Look through the records below for the line with "VW Passat 2.0". Return that line and each one after it up to and including the line with "INSTALLATION ABRI JARDIN", exactly.

+++ Data to examine +++

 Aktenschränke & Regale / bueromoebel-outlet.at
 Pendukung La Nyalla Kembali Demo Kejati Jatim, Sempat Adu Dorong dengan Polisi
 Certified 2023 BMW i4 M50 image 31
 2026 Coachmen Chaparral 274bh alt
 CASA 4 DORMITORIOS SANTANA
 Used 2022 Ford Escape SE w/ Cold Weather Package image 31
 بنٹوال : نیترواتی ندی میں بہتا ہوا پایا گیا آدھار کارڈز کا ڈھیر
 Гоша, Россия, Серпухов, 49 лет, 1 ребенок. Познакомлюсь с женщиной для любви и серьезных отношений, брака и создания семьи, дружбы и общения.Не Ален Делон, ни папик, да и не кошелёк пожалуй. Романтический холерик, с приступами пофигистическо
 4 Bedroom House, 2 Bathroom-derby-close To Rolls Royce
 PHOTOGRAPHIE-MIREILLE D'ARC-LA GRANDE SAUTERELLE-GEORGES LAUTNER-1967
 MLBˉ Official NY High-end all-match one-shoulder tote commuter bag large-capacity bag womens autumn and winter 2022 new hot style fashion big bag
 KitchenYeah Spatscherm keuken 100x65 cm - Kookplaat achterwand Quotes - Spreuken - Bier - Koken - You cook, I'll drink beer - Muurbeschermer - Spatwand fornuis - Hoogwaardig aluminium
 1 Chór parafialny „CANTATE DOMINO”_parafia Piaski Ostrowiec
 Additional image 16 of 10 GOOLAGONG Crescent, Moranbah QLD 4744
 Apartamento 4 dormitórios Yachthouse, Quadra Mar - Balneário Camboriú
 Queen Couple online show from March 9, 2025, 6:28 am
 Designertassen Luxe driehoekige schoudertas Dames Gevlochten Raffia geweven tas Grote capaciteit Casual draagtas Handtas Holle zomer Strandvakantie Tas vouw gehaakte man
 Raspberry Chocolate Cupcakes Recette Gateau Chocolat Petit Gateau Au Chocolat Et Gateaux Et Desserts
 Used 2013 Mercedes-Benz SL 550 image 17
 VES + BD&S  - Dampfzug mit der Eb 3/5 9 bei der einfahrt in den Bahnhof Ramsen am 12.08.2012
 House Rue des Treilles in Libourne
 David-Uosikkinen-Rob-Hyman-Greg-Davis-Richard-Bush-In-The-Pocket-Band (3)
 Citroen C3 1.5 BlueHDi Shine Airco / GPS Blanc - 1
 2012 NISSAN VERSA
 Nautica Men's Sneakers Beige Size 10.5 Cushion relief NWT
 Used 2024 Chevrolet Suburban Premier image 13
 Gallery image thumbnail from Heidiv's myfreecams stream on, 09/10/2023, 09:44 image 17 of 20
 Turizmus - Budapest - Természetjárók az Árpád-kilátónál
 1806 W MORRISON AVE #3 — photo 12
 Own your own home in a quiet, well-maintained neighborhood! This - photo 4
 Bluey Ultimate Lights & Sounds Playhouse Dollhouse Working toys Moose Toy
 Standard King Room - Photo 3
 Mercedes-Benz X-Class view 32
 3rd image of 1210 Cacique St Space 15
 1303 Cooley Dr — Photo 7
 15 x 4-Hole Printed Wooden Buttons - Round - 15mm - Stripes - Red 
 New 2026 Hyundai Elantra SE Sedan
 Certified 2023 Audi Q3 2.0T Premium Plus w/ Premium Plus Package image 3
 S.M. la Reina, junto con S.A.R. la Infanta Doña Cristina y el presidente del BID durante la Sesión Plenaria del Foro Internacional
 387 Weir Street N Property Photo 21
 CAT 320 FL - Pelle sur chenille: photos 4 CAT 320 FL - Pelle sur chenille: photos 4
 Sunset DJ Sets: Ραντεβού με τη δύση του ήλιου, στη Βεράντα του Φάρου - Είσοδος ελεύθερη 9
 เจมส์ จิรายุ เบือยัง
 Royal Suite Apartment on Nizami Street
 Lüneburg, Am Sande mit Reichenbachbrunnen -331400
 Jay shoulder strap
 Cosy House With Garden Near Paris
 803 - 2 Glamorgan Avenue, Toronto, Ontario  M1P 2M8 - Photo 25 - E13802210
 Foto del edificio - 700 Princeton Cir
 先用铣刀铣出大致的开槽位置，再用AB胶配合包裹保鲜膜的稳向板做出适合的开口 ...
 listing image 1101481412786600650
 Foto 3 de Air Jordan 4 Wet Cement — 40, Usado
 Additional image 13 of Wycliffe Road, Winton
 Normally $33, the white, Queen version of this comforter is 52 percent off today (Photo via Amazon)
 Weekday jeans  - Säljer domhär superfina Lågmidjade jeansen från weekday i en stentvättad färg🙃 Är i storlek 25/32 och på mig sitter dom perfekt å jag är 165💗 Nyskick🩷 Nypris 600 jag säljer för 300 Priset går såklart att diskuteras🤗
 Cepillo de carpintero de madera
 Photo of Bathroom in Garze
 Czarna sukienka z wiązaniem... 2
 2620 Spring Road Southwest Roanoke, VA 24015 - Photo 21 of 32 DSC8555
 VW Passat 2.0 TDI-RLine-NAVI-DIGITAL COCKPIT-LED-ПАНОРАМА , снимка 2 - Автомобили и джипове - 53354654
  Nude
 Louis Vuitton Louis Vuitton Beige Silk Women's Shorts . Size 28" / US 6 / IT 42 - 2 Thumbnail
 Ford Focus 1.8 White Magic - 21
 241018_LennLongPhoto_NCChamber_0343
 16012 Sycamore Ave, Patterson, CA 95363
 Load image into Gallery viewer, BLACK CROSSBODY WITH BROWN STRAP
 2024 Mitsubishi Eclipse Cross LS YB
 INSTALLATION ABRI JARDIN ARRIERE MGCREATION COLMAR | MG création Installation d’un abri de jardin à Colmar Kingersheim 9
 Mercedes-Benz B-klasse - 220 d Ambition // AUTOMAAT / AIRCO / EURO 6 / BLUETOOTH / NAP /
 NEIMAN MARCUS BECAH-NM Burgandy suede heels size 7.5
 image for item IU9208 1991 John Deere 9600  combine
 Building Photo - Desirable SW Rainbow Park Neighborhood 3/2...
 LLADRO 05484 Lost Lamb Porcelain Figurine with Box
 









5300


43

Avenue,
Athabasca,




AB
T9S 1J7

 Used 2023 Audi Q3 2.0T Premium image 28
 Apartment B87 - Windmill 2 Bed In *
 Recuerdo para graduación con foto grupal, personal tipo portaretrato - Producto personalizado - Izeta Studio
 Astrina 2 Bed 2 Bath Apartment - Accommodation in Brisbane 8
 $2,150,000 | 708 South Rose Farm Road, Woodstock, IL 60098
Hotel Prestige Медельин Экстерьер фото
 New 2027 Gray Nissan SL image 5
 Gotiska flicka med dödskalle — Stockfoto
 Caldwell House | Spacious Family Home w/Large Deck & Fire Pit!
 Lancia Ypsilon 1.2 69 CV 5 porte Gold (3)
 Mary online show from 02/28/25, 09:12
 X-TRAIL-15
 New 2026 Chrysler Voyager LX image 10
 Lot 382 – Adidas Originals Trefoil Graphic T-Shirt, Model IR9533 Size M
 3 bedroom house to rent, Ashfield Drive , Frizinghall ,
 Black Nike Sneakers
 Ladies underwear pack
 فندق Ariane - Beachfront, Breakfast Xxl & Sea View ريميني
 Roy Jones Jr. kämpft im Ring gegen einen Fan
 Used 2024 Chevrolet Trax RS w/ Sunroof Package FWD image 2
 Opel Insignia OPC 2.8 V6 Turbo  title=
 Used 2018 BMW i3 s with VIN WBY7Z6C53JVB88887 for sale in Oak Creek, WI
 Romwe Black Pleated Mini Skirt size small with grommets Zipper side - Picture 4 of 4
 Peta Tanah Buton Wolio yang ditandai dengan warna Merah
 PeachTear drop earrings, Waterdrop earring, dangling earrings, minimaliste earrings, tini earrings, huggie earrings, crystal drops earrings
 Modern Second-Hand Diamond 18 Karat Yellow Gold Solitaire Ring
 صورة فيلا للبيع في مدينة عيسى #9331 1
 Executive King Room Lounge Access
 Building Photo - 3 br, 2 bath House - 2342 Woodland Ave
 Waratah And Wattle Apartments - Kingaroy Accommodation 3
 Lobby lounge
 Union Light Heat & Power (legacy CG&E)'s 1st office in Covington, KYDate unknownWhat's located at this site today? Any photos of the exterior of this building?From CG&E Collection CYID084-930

+++

Answer space:
 VW Passat 2.0 TDI-RLine-NAVI-DIGITAL COCKPIT-LED-ПАНОРАМА , снимка 2 - Автомобили и джипове - 53354654
  Nude
 Louis Vuitton Louis Vuitton Beige Silk Women's Shorts . Size 28" / US 6 / IT 42 - 2 Thumbnail
 Ford Focus 1.8 White Magic - 21
 241018_LennLongPhoto_NCChamber_0343
 16012 Sycamore Ave, Patterson, CA 95363
 Load image into Gallery viewer, BLACK CROSSBODY WITH BROWN STRAP
 2024 Mitsubishi Eclipse Cross LS YB
 INSTALLATION ABRI JARDIN ARRIERE MGCREATION COLMAR | MG création Installation d’un abri de jardin à Colmar Kingersheim 9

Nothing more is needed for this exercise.